The team at Harvard University and Massachusetts General Hospital did a national survey of 1,900 primary care doctors in 2009 about their contacts with drug companies.
They found 84 percent reported some type of relationship with drug companies, compared with 94 percent in 2004.
About two thirds accepted drug samples, 70 percent accepted food or beverages from drug companies and 14 percent accepted payment in exchange for their professional services, they reported in the Archives of Internal Medicine.
“We found a significant decline overall in the percentage of physicians who have relationships with industry,” Eric Campbell of Massachusetts General, who led the study, said in a telephone interview.
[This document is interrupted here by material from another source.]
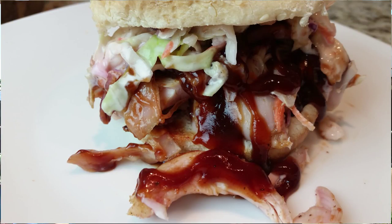Hey guys and welcome back to Mother's Barbecue. On this video we're gonna be doing something a little bit different, something I've never done before — we're gonna be smoking rabbit and doing pulled rabbit sandwiches. Stick around.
In the team’s first study of industry ties in 2004, getting drug samples or accepting lunches or other food from drug company salespeople were most common, followed by payments from drug companies for attending medical meetings or continuing education seminars.
Since then, several government and academic groups have pressured doctors to sever their ties to drug companies.
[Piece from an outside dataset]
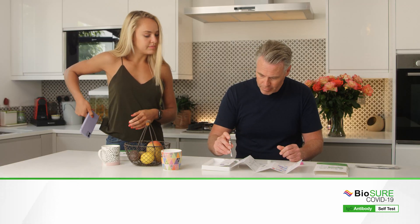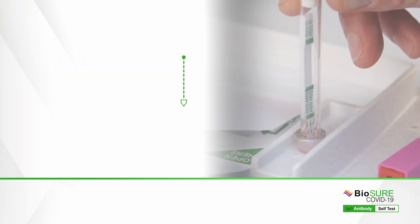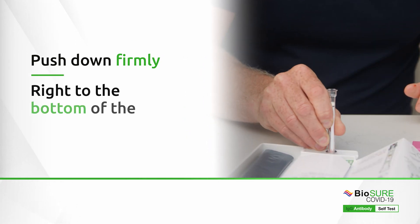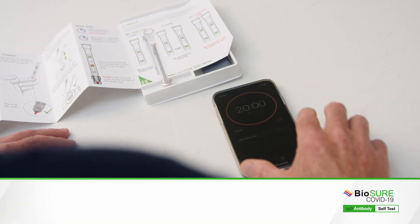Now push the tip of your testing device through the foil lid and into the buffer pot. Push down firmly until you cannot push any further — you want the tip of your testing device to go right to the bottom of the buffer pot. Now start your timer for 20 minutes.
Members of Congress, including Senator Charles Grassley, an Iowa Republican, have been pushing to limit the influence of drugmakers over the practice of medicine after a probe showed a noted Harvard neuroscientist had failed to disclose payments from drug companies.
The moves appear to have paid off, Campbell said. Doctors in the survey say they now have fewer meetings with drug company representatives, dropping from an average of three a month to two.
But Campbell said the numbers are still unacceptably high.
He said doctors continue to think they cannot be influenced by free drug samples or a fancy lunch -- a notion he said defies basic social science.
“Cultures to the beginning of time have figured that gifts engender a positive response toward the giver. What’s hysterical is the fact that physicians deny that these happen,” said Campbell, who also teaches at Harvard Medical School.
“It’s absolutely ludicrous to think that drug companies would spend all their time and money giving away this stuff if it didn’t work.”